Northern Irish Nobel peace prize winner David Trimble passes away at 77

News Desk || shiningbd

Published: 7/26/2022 12:07:01 PM

David Trimble, the Nobel peace prize-winning former first minister of Northern Ireland whose statecraft helped end decades of conflict, died Monday aged 77, his party announced.

Trimble, a key architect of the landmark 1998 peace deal in the troubled UK province, won the prize along with pro-Irish leader John Hume that year after the pair sealed the historic agreement.

"It is with great sadness that the family of Lord Trimble announce that he passed away peacefully earlier today following a short illness," the Ulster Unionist Party (UUP) said in a statement.

No further details were provided about his death.

British Prime Minister Boris Johnson described Trimble as a "'giant of British and international politics".

He "will be long remembered for his intellect, personal bravery and fierce determination to change politics for the better", Johnson tweeted.

Irish premier Micheal Martin hailed the Nobel prize winner as "someone who played a crucial and courageous role in bringing peace to Northern Ireland".

"All of us in politics at the time witnessed his crucial and courageous role in the negotiations leading to the (1998) Good Friday Agreement and his leadership in building support in his party and his community for the agreement," he added.

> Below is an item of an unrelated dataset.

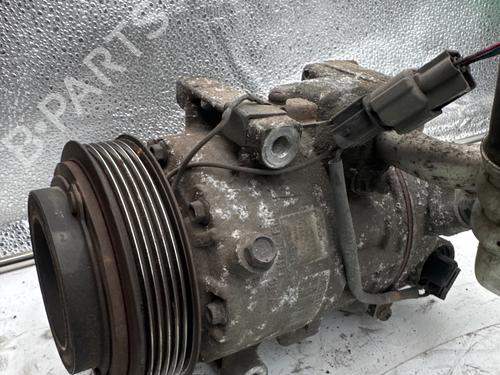 AC compressor HYUNDAI ix35 (LM, EL, ELH) 2.0 CRDi 4WD | BP38233679M34 - Image 4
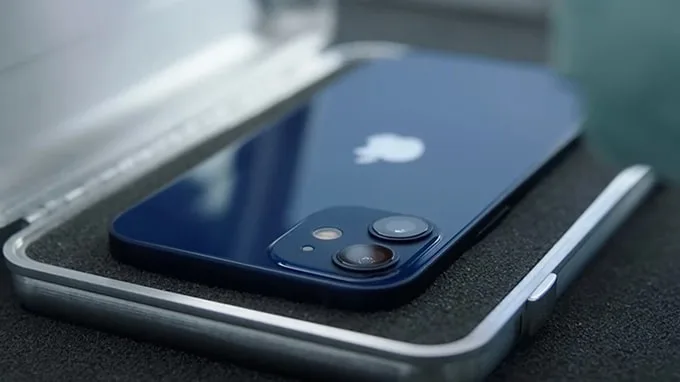 iPhone 12 mini và iPhone SE 2020 đều là những điện thoại có thiết kế nhỏ gọn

Sinn Fein's Michelle O'Neill, in line to be Northern Ireland's next first minister after her nationalist party swept to a historic victory in assembly elections in May, lauded Trimble's "very significant contribution to the peace process".

"His courage in helping achieve the Good Friday Agreement leaves a legacy a quarter-century on for which he and his family should be rightly proud," she added.

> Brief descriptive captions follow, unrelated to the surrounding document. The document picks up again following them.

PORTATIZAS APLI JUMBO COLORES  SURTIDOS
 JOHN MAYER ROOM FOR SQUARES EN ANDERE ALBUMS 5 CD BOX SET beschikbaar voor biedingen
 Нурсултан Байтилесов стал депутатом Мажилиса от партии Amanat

Trimble's death comes at a time of renewed tensions in Northern Ireland with the now-dominant pro-UK force, the Democratic Unionist Party (DUP), refusing to serve under O'Neill until London rips up a post-Brexit trading pact with the European Union.

The UK government is pushing through legislation to unilaterally rewrite the so-called Northern Ireland Protocol, sparking legal action by the EU.

But the DUP has still refused to enter the power-sharing government with Sinn Fein.

UK Foreign Secretary Liz Truss, who drafted the contentious legislation and is running to succeed Boris Johnson as prime minister, praised Trimble as "a great figure".

He was, she tweeted, "instrumental in delivering the Belfast Good Friday Agreement and the optimistic Northern Ireland of today".

At the start of a televised debate with Truss, her Conservative party rival Rishi Sunak also lauded Trimble as "a giant of unionism" who was "a deserving winner of the Nobel Peace Prize".

The 1998 Good Friday accord largely ended 30 years of conflict in Northern Ireland that killed 3,500.

Despite resistance within the unionist community, which steadfastly believes in Northern Ireland's place within the United Kingdom, Trimble brought his party to the table in the fraught peace talks.

As part of the process he became the party's first leader in 30 years to meet with the Irish premier in Dublin, and in 1997 he became the first unionist leader since Ireland's partition to negotiate with Sinn Fein.

The nationalist party leader's at the time, Gerry Adams, acknowledged the challenges that Trimble faced persuading his own side.

"David's contribution to the Good Friday Agreement and to the quarter-century of relative peace that followed cannot be underestimated," he said.

Following the 1998 deal, Trimble served as first minister of Northern Ireland.

However, the UUP's popularity waned amid unionist dislike for elements of the 1998 accord seen as too accommodating to republicans.

The rival DUP eventually supplanted it as the biggest unionist party.

DUP leader Jeffrey Donaldson also paid tribute to Trimble.

"Throughout some of the most difficult years of the Troubles, David was a committed and passionate advocate for the Union, at a time when doing so placed a considerable threat to his safety," he said.

"He leaves a huge and lasting legacy to Northern Ireland. He can undoubtedly be said to have shaped history in our country."

Trimble, who led the UUP for a decade from 1995, lost his UK House of Commons seat in 2005 and sat as a peer in the House of Lords -- the upper chamber of the British parliament -- from 2006.